Separation occurs when one predictor perfectly predicts the outcome in some sample subset, causing standard maximum likelihood methods to fail or produce unreliable estimates. Political science datasets often encounter this problem due to their unique structures.
How PML Helps:
By adding a penalty term to the likelihood function during estimation, PML effectively shrinks coefficients toward zero without distorting interpretation as much as alternative shrinkage techniques (e.g., ridge regression). This approach provides more stable and accurate estimates than standard ML across various sample sizes.
Why It Matters for Political Science:
Using PML allows researchers to avoid the bias-variance tradeoff typically associated with estimation choices.
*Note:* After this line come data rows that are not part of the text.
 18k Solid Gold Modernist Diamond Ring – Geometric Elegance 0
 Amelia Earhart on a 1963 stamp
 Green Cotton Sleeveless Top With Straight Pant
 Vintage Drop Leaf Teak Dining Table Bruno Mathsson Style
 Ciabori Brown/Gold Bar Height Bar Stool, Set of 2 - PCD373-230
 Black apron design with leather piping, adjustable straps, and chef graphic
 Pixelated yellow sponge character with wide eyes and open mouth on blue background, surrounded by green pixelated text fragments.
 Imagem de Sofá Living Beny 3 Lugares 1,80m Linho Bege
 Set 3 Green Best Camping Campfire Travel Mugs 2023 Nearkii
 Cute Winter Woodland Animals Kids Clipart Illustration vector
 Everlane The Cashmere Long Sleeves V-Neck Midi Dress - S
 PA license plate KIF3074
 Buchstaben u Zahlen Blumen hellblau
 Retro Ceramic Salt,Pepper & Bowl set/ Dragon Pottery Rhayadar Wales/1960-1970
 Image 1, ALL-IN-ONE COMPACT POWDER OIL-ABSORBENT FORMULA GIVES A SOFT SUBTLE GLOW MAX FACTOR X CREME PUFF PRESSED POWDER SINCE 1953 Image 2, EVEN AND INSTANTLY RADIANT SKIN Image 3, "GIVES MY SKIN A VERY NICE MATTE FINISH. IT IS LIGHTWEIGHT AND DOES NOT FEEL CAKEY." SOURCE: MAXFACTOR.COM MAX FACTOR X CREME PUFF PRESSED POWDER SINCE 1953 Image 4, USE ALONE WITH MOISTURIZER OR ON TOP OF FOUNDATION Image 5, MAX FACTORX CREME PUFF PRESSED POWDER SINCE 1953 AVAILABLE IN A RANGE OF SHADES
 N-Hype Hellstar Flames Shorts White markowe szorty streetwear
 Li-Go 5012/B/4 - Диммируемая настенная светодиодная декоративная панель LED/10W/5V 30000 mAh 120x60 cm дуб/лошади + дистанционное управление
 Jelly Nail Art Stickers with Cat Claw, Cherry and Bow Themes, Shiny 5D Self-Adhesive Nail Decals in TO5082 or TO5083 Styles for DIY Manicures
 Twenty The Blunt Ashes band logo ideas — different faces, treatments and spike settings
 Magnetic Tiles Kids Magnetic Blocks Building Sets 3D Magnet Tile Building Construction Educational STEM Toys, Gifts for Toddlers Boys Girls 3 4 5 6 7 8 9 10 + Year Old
The article analyzes Monte Carlo simulations alongside a re-evaluation of George and Epstein's (1992) classic American Political Science Review paper, showing that PML improves substantive findings related to descriptive representation or any dependent variable modeled by logit.
Conclusion:
Researchers analyzing small samples should consider using the PML estimator. It offers substantial improvements even in medium-sized datasets, making it a valuable tool for political science research.